Your assignment: Each line from the one holding "女人口才课_聪明女人的口才修炼课(2)" through the end of the records should be returned exactly, while pictures are skipped.

Data listing:

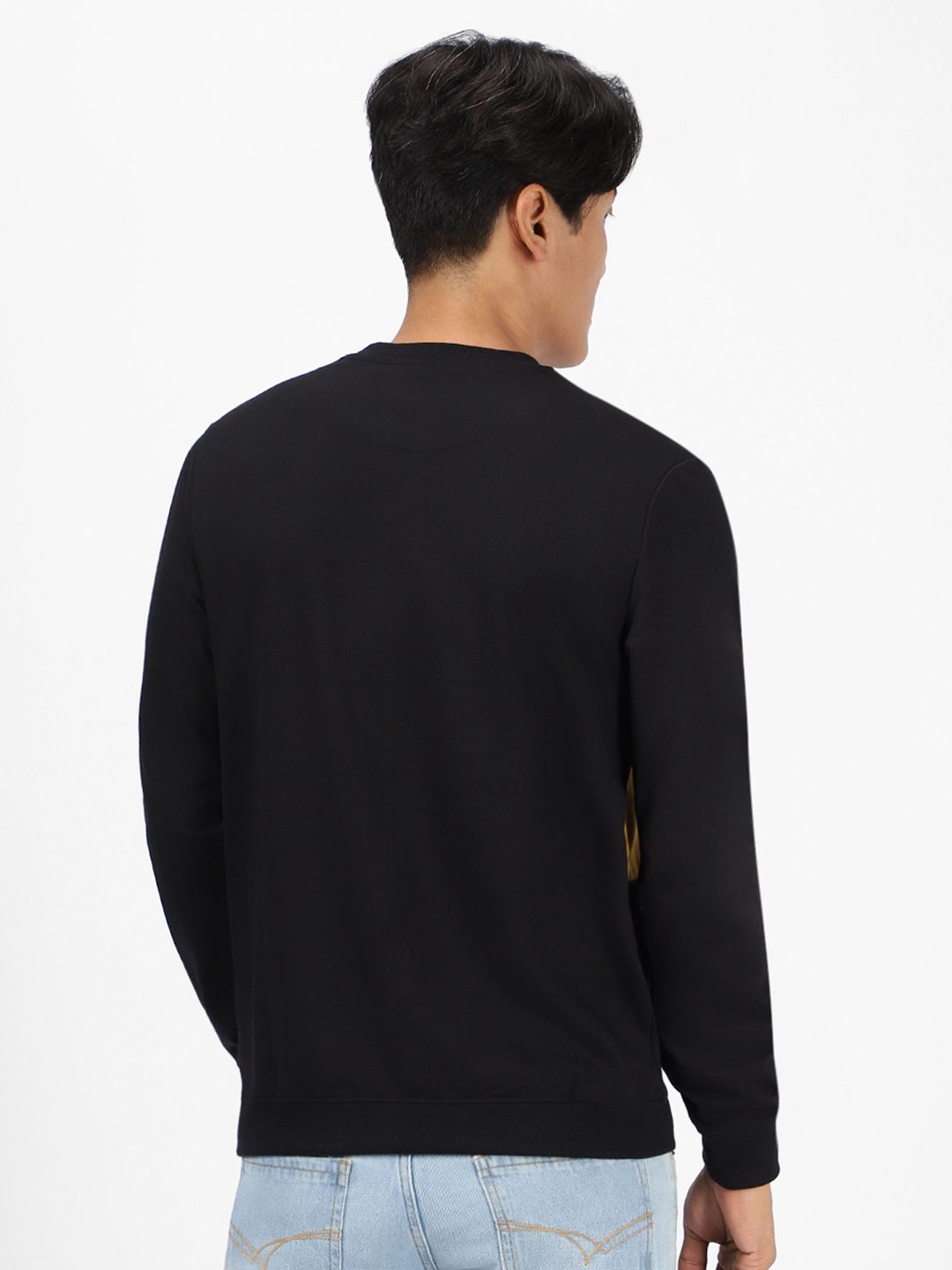 Urbano Fashion Men Colourblocked Pocket Sweatshirt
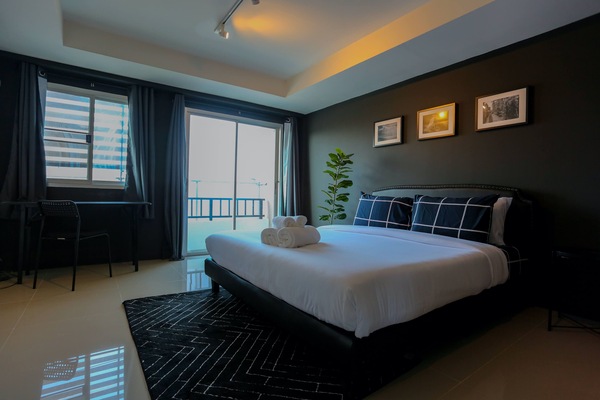 Single Room, 1 King Bed, Shared Bathroom | WiFi (free), bed sheets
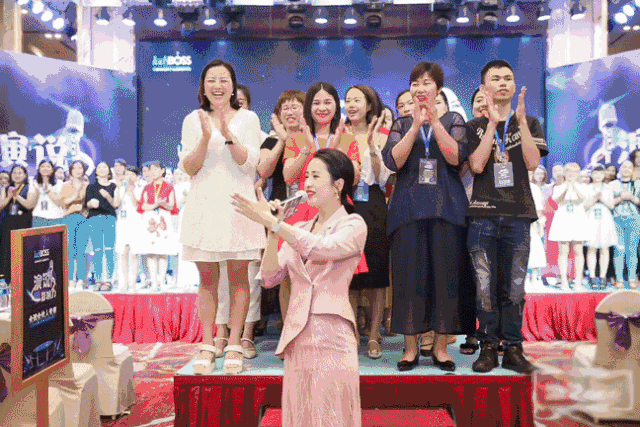女人口才课_聪明女人的口才修炼课(2)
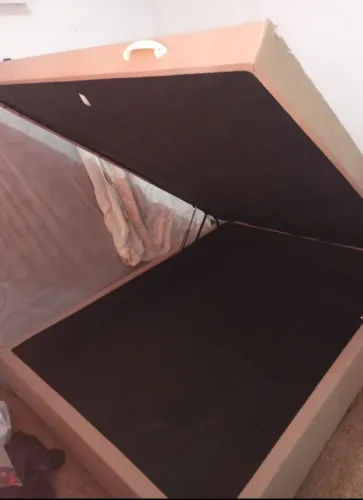 Cama sem colchão 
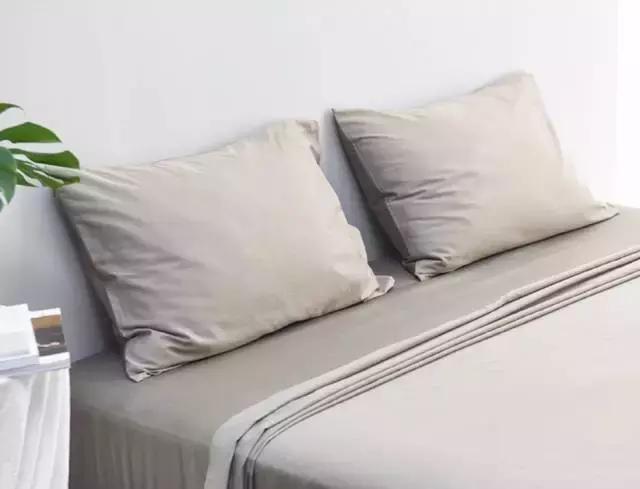 床上四件套和被子哪个贵,床上四件套100多和300多区别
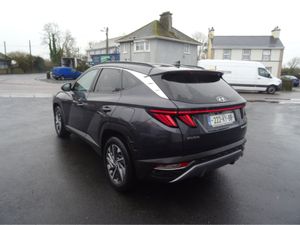Hyundai Tucson IX35 EXECUTIVE PLUS DIESEL 5 5DR - Image 3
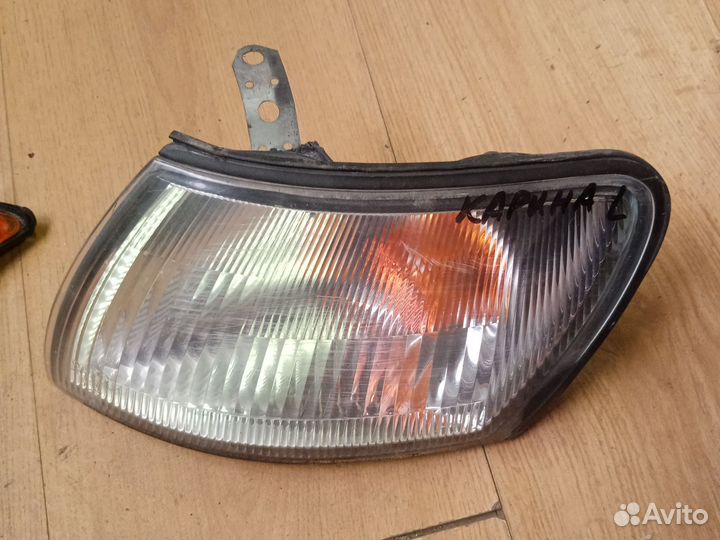 Поворотники Toyota Carina E Левый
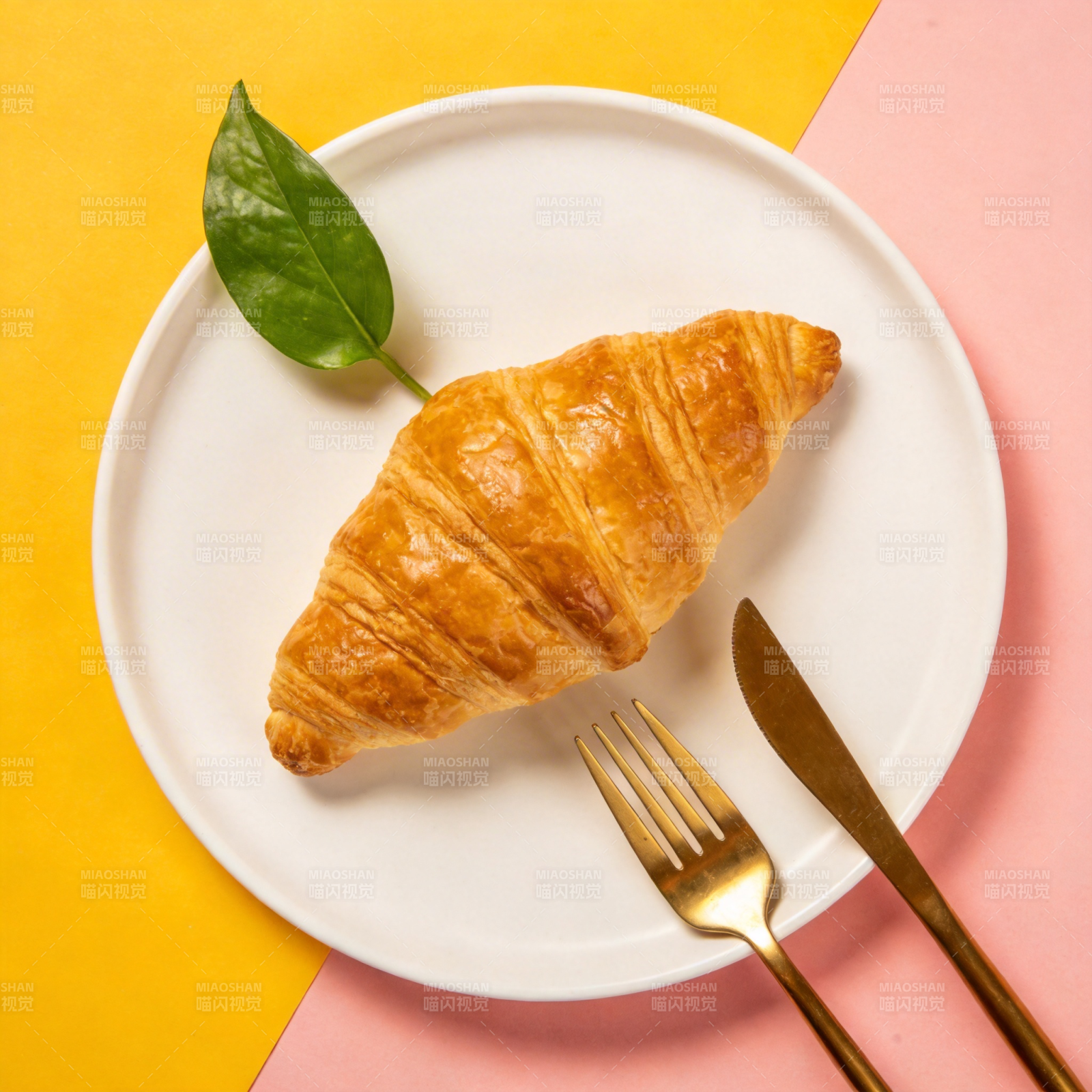 金黄酥脆牛角包图片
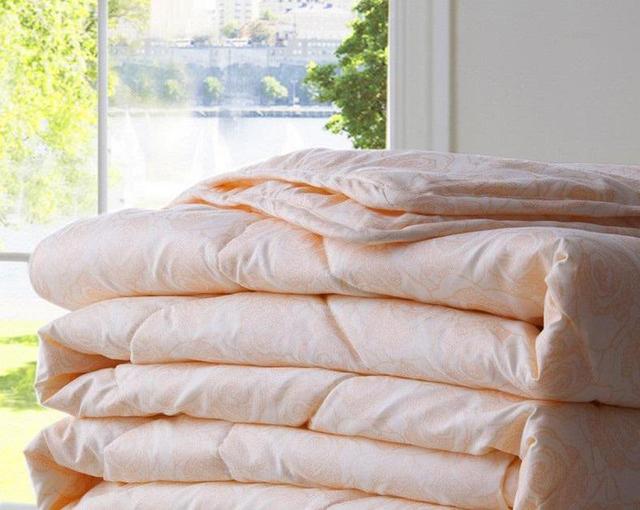 被芯脏了怎么洗，被芯怎么洗（被芯脏了不能用水洗？简单）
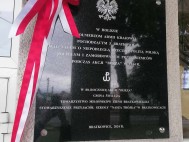 GMINNA UROCZYSTOŚĆ ODSŁONIĘCIA TABLICY PAMIECI W HOŁDZIE ŻOŁNIERZOM ARMII KRAJOWEJ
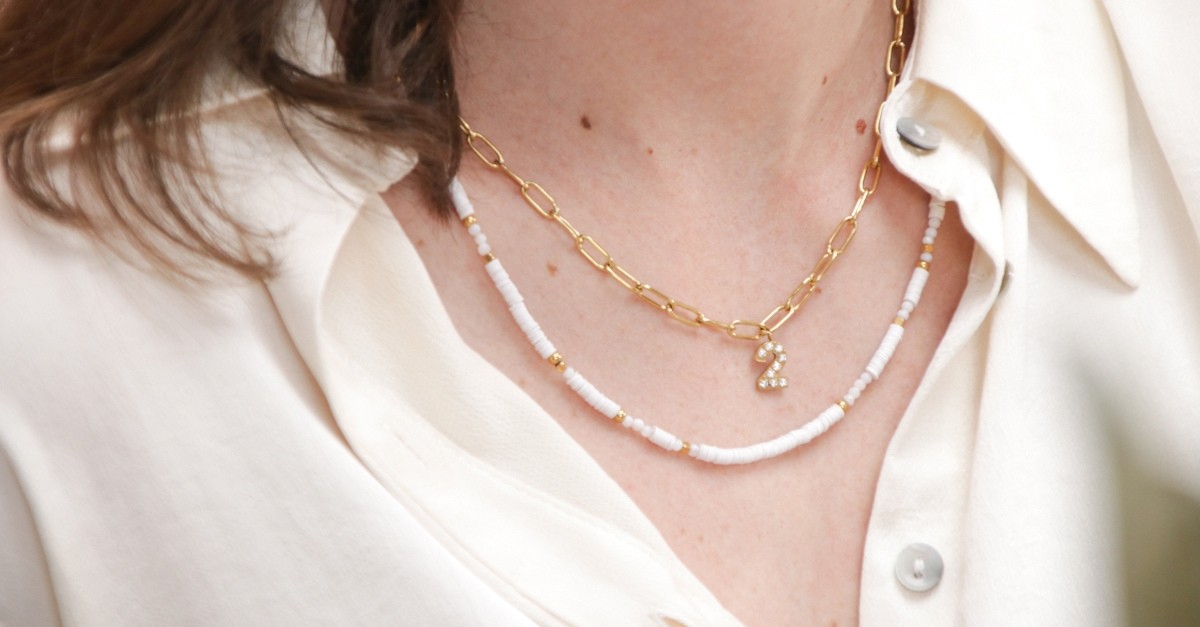 Schéma Bracelet de cheville été en acier inoxydable et mini perles Heishi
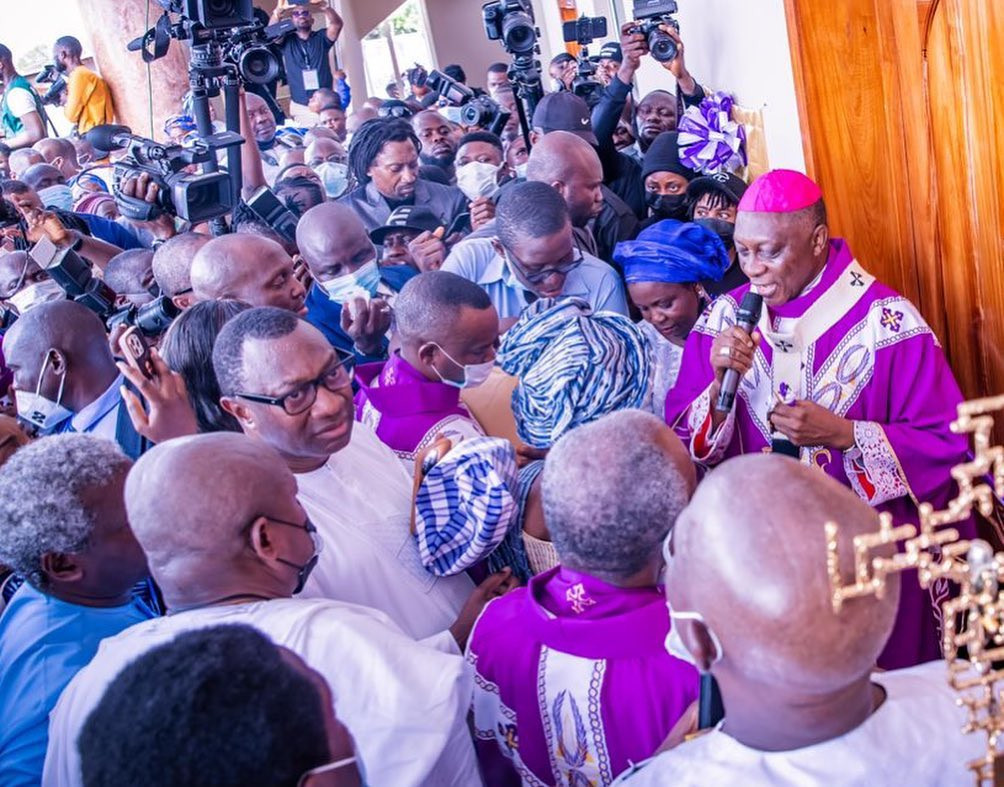 Obasanjo, Osinbajo, Sanwo-Olu, Fayemi, Obaseki, Emefiele, Saraki, Dangote, others at billionaire businessman, Femi Otedola's mum's 90th birthday party (photos)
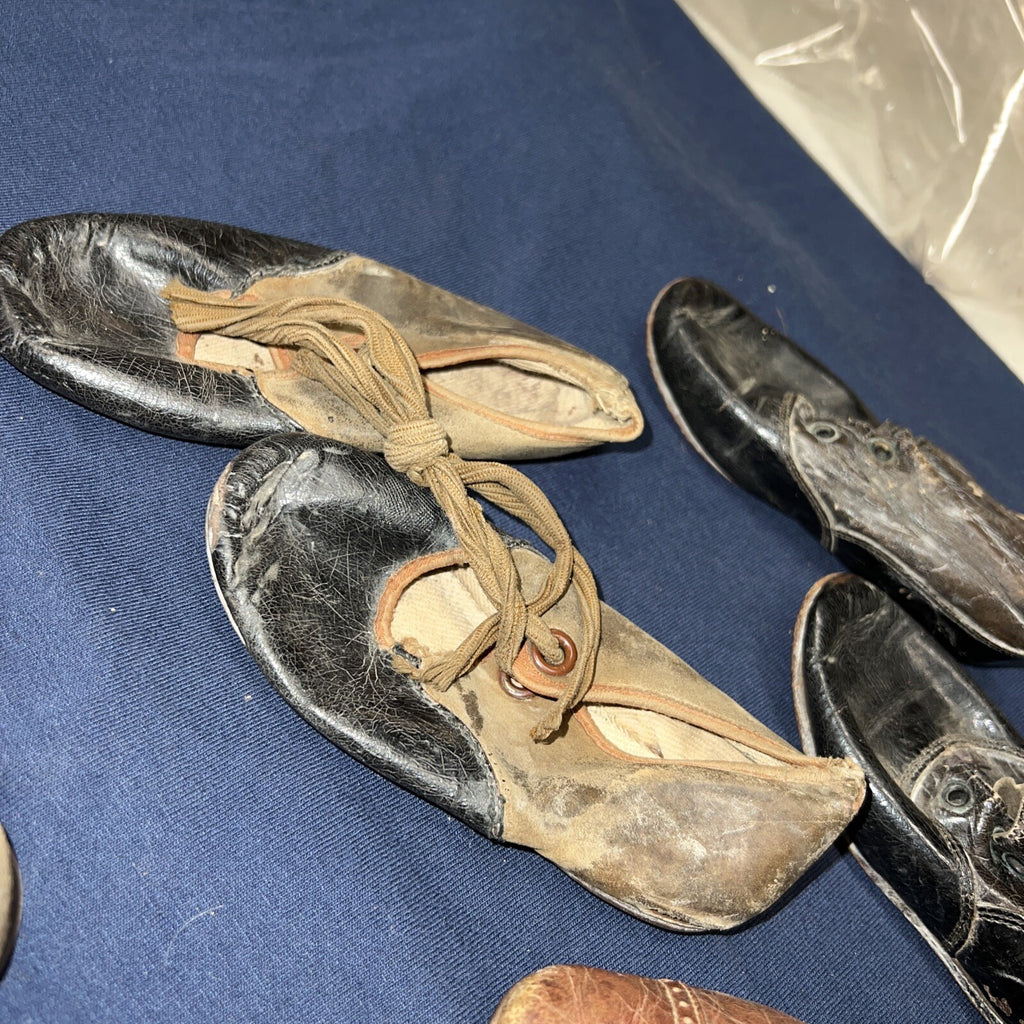 Lot of 5 Antique 1800’s Doll Shoes Various Size and Condition3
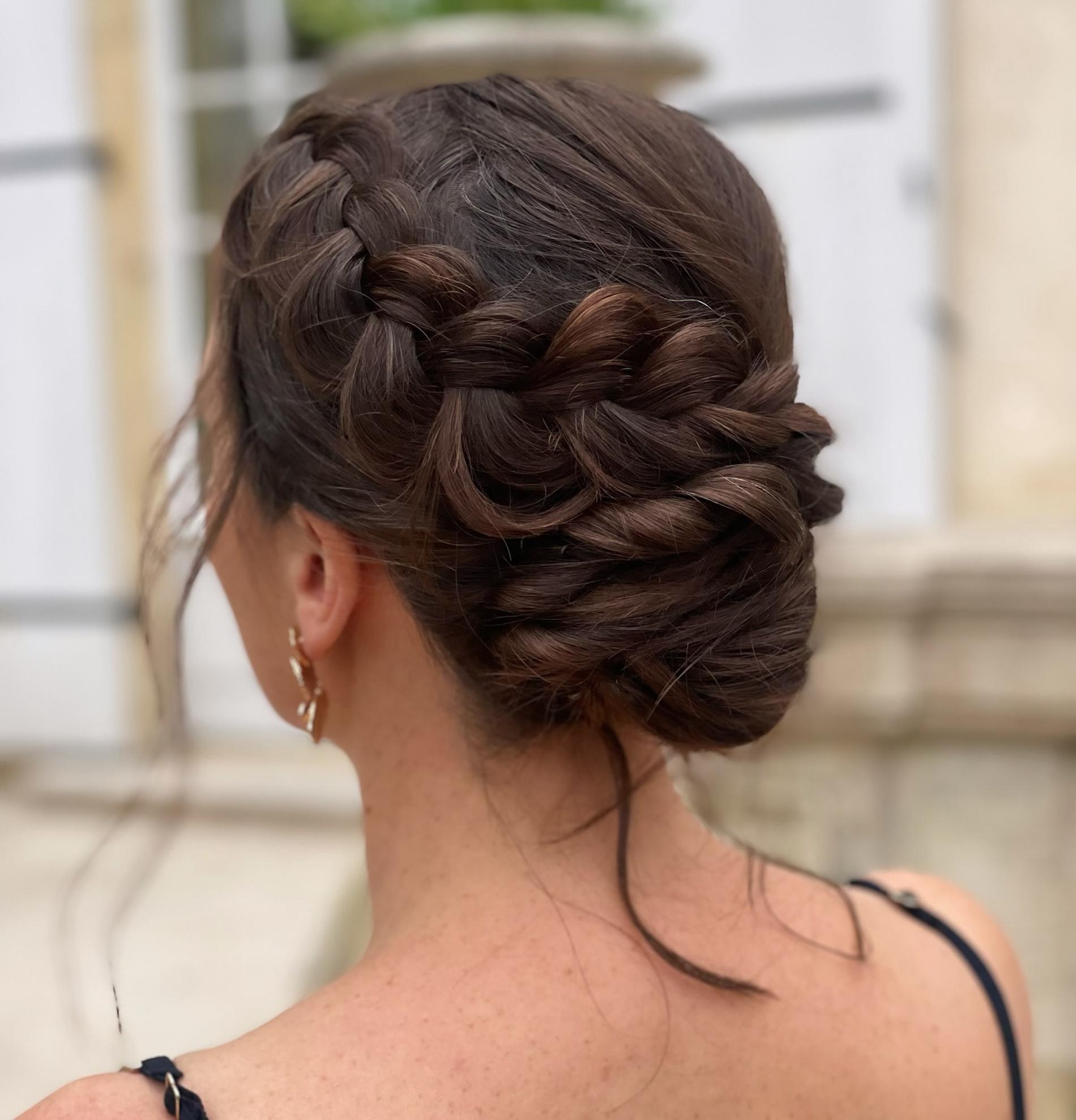 С плетеным пучком легко экспериментировать в домашних условиях. Фото: Инстаграм* @yab_by_fannymaillefer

Response box:
女人口才课_聪明女人的口才修炼课(2)
 Cama sem colchão 
 床上四件套和被子哪个贵,床上四件套100多和300多区别
Hyundai Tucson IX35 EXECUTIVE PLUS DIESEL 5 5DR - Image 3
 Поворотники Toyota Carina E Левый
 金黄酥脆牛角包图片
 被芯脏了怎么洗，被芯怎么洗（被芯脏了不能用水洗？简单）
 GMINNA UROCZYSTOŚĆ ODSŁONIĘCIA TABLICY PAMIECI W HOŁDZIE ŻOŁNIERZOM ARMII KRAJOWEJ
 Schéma Bracelet de cheville été en acier inoxydable et mini perles Heishi
 Obasanjo, Osinbajo, Sanwo-Olu, Fayemi, Obaseki, Emefiele, Saraki, Dangote, others at billionaire businessman, Femi Otedola's mum's 90th birthday party (photos)
 Lot of 5 Antique 1800’s Doll Shoes Various Size and Condition3
 С плетеным пучком легко экспериментировать в домашних условиях. Фото: Инстаграм* @yab_by_fannymaillefer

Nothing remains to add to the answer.